僕は考えるよりも先にオロを抱きしめていた。
「僕は大丈夫だから。」
少しずつオーラは小さくなり、
やがて消えた。
すると大柄の髭の生えたおじさんがこちらに来る。
「お前達、ちょっと俺の部屋で話を聞かせてもらおうか。」
その人に奥の部屋へ連れていかれる。
バタン
「掛けてくれ。」
三人は長椅子に案内され座った。テルは僕の膝の上、ゴンタは長椅子の横にいる。
「俺は、ギルドマスターのジエン トウジョウだ。」
この人ギルドマスターだったのか。強そうな雰囲気出てるよ。
「お鶴ですわ。」
ジエンさんがこっちを見ている。
あ、僕の番か。
「コウです。この子はテル、あっちの子はゴンタです。」
「オロだ。」
「うむ、馬鹿でかい威圧を感じたんで部屋を出たら、その威圧を出してるのがこんな小さな嬢ちゃんだったとはな。」
「待って下さい。先に襲われたのは僕です、オロは僕を助けようと。」
「まぁ落ち着け、コウ君。

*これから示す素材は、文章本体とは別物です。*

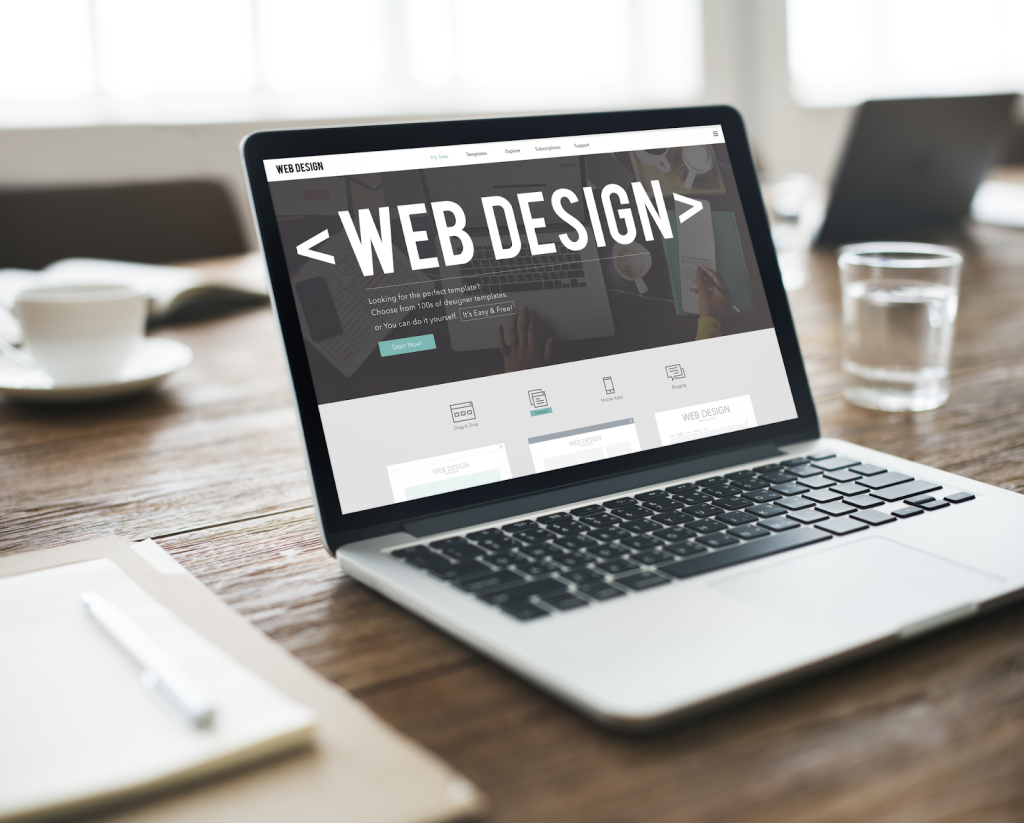 How Professional Web Design Company Can Transform Your Online Presence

分かっている。大体の話は受付嬢に聞いた、だからまずは謝罪を…すまなかった。」
ジエンは頭を下げた。
何か罰せられると思っていたのでビックリした。しかもギルドマスター直々に謝罪するなんて…。
「頭を上げてください。大丈夫ですから。」
「コウたんが許すなら我も許そう。」
「しかし、あの威圧は控えていほしい。周りにも影響がな。」
「コウたんが襲われたらわからん!」
ジエンさん僕に目で訴えかけている。
「…後で言い聞かせます。」
「頼んだぞ。」
「それより今日は、コウ様とオロ様のギルドカードと従魔登録証を作りに来たのですわ。時間も遅いですし、まだお話があるのでしたら明日の朝伺いますので先に登録をさせて下さいませ。」
ギルドカードが身分証になるのだろう。
それに、奥の窓を見ると大分暗くなっていた。
「ギルドカードを作りに来てたのか。ちょっと待ってくれ、丁度いいのが」
机の引き出しを漁っている。
「あったあった、少し型は古いが充分使える。」
取り出したのは手の平サイズの端末。
僕にはすごく見覚えのあるもの。
「それは!
スぐに会計電子マネー機能、
マッピング機能で快適な旅、
ホットな情報通話で共有、
略して"スマホ"ではありませんか!」
本当に"スマホ"だと!?
「おっ、お鶴君は詳しそうだな。」
「私も持っていますから。」
「個人持ちか、凄いな。大体"スマホ"はCランク以上の冒険者がパーティーで一台やっと買える位高いからな、今回の騒動もあったし俺のお古だが、よかったら使ってくれ。」
"スマホ"を手渡される。
「使い方はお鶴君に聞くといい。身分証も従魔登録もそれで出来る、パーティーの身分証は仮で出来るがギルドカードは別で作った方がいいな、ギルドの説明もあるから明日また来てくれ。」
「わかりました。」
冒険者ギルドを出た僕達は、
スマホの使い方もあるのでお鶴さんの家に泊まる事になった。